EPO. Im Vorfeld der Spiele hatte es widersprüchliche Meldungen aus der russischen Sportszene gegeben. So hieß es zunächst, dass die Geher Wladimir Kanaikin und Waleri Bortschin positive Dopingtest abgegeben hätten und aus dem Olympiateam ausgeschlossen wurden, auch bei ihren nicht für Peking berücksichtigten Disziplin-Kollegen Alexej Wojewodin und Wiktor Burajew seien unerlaubte Mittel nachgewiesen worden. Was Bortschin betraf, schrieben russische Medien anschließend, dass der EM-Silbermedaillengewinner von 2006 in Göteborg wohl nicht unter den betroffenen Athleten sei, bei den anderen Drei war EPO nachgewiesen worden.

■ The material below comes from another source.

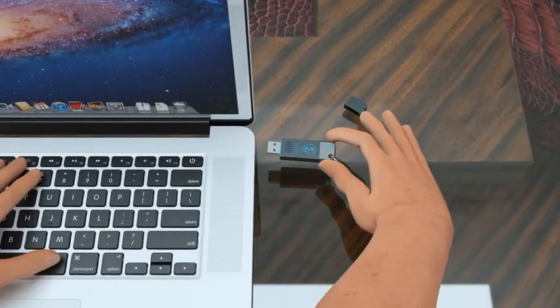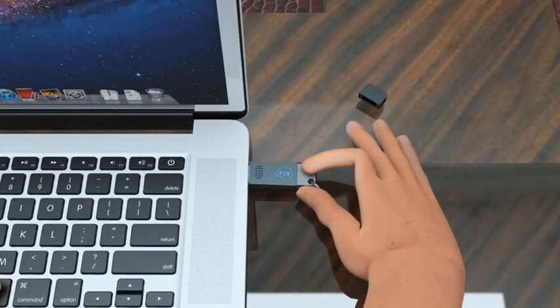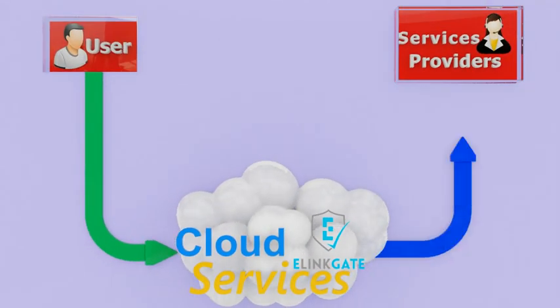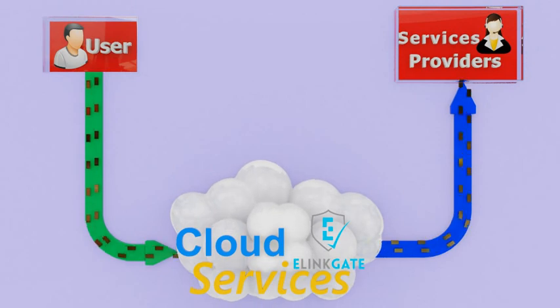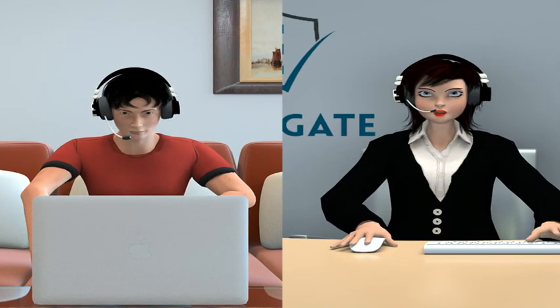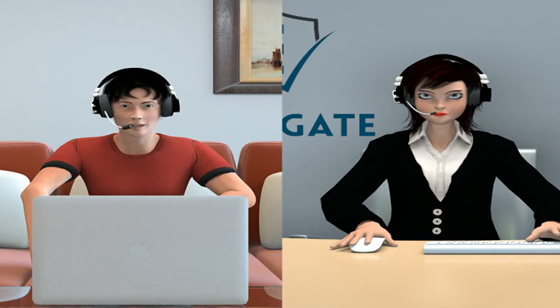It's simple to use — just plug into a USB port and press a button. The Link Me is a USB device that enables a customer to connect to an IT expert who can then remotely access the faulty computer, smartphone, or tablet and fix the problem, or help the customer make the device more secure from online threats.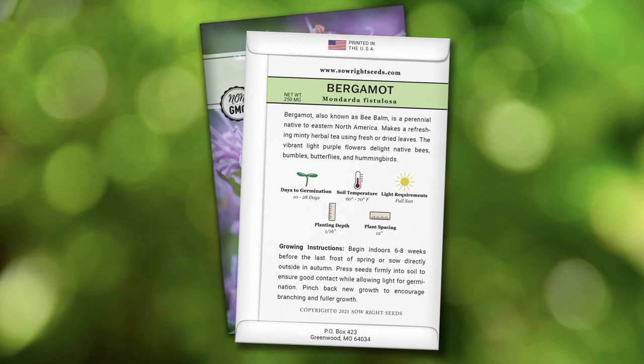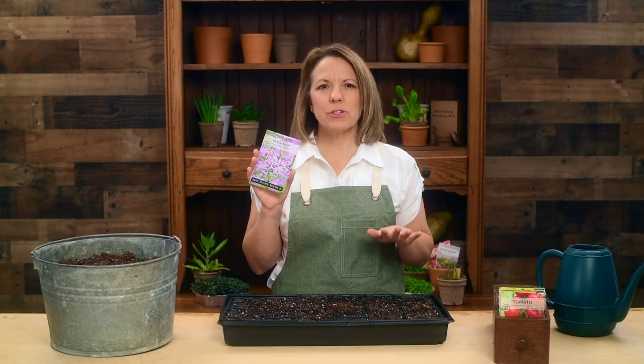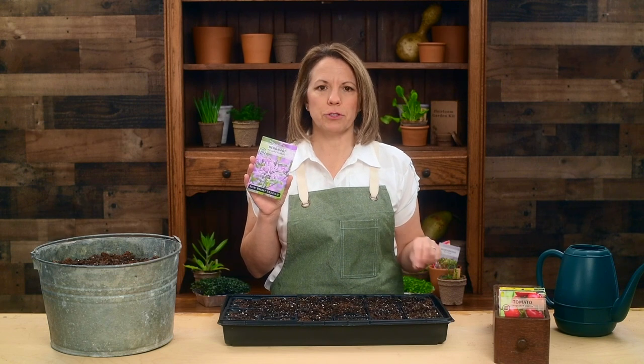You will find complete growing instructions on the back of our packets. Press the seeds into the soil but don't cover them, as they need some light for germination.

Alleine trainiert. Russland nominierte den Mann aus der Geher-Hochburg Saransk, doch seine Goldmedaille will nicht so recht glänzen. "Ich weiß nicht, was um mich herum passiert, all diese Gerüchte. Ich habe in den vergangenen Monaten alleine trainiert. Ich weiß nichts von den anderen Teamkollegen. Ich habe gehört, manche sind krank und können deshalb nicht hier sein", stammelte Bortschin auf der Pressekonferenz. Es war die Antwort auf die Frage, was er dazu sagt, dass er von 2005 bis 2006 eine einjährige Dopingsperre absaß. Überraschend war am Samstag der russische Weltrekordhalter und Goldmedaillenfavorit Sergei Morosow nicht am Start, er war aus nicht näher genannten Gründen überhaupt nicht nach Peking gereist, dort aber erwartet worden.

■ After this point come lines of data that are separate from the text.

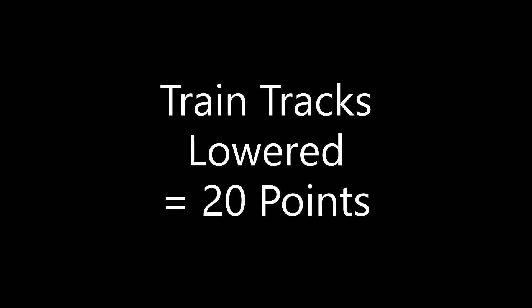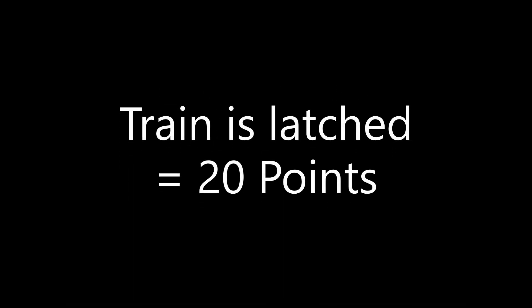Lowering the train tracks so that they rest completely down on the mat scores 20 points. Another 20 points are scored if the two train wagons reach their destination and are latched at the end of the tracks, for a total of 40 points possible for Mission 9.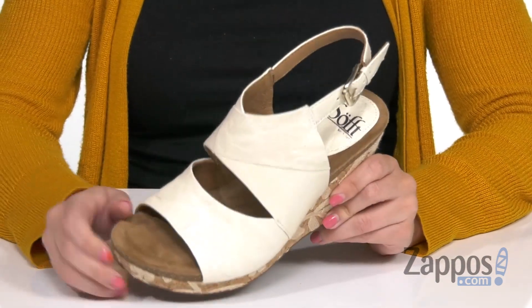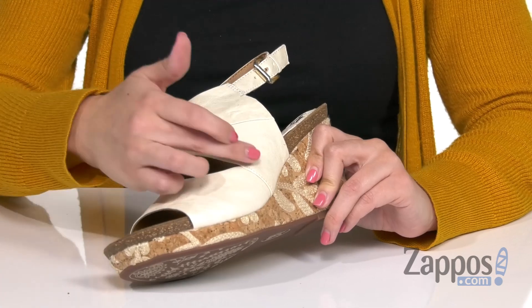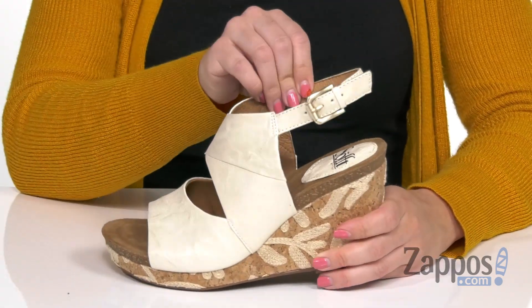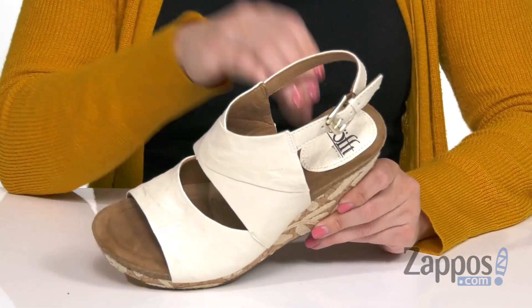These darling wedges have smooth leather uppers with a cool kind of strappy detail — I just like how they kind of overlay. You have cutouts throughout, and adjustability here at the ankle as well. Inside is a really soft leather lining that's breathable.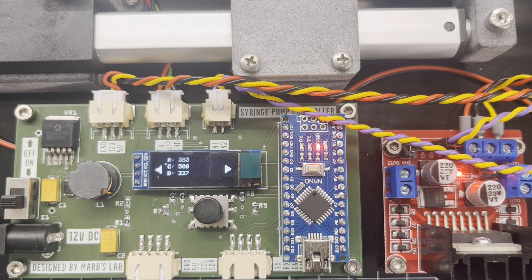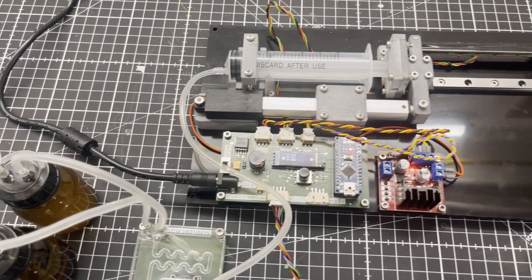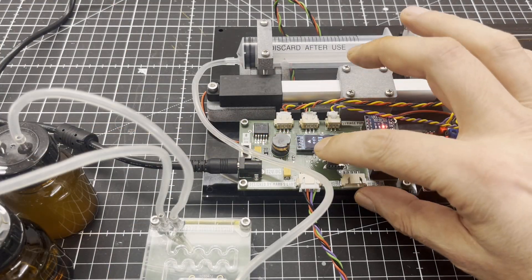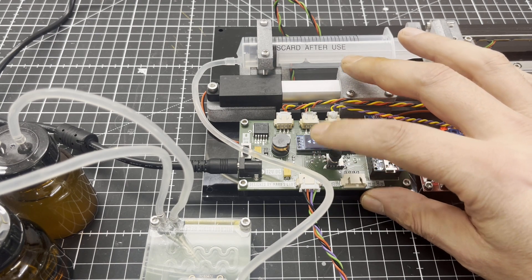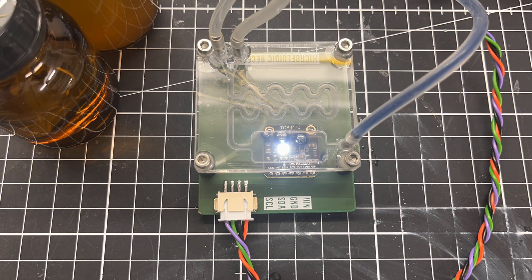The raw RGB values of the color sensor are shown on the small OLED display for demonstration purposes. Here you can see the reaction in time-lapse. Normally, it takes about 5 minutes for the reagent to turn blue if glucose is present.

Kopfschmerzen. Bortschin, bei dem nach eigenen Angaben heuer noch kein Dopingtest durchgeführt worden war, entschuldigte sich auf der Pressekonferenz, dass er sich wegen Kopfschmerzen nicht recht konzentrieren könne. 2007 hatte er bei der WM in Osaka aufgegeben, dazu meinte er am Samstag: "Die Luftfeuchtigkeit war so hoch, ich bin kollabiert. Ich kann mich an nichts mehr erinnern." Kopfschütteln lösten die Antworten beim drittplatzierten Australier Tallent aus. "Eigentlich hat er die Fragen ja nicht richtig beantwortet, oder?"

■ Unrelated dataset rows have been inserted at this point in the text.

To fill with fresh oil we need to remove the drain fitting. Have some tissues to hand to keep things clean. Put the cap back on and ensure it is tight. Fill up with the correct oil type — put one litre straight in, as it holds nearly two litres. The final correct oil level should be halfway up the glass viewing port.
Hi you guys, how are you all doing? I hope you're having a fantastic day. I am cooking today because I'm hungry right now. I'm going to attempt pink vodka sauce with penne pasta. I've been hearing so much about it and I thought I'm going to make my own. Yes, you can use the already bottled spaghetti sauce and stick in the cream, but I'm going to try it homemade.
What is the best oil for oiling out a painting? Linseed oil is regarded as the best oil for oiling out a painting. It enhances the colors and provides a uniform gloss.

Comeback. Für den früheren Weltrekordler und dreifachen Weltmeister Perez gab es ein Comeback in den olympischen Medaillenrängen nach 12 Jahren, als er in Atlanta Gold gewonnen hatte. "Silber ist Silber, es ist wundervoll für mich, zurück auf dem Podest zu sein. Ich bin nun gegen drei Generationen starker Geher aus Russland angetreten."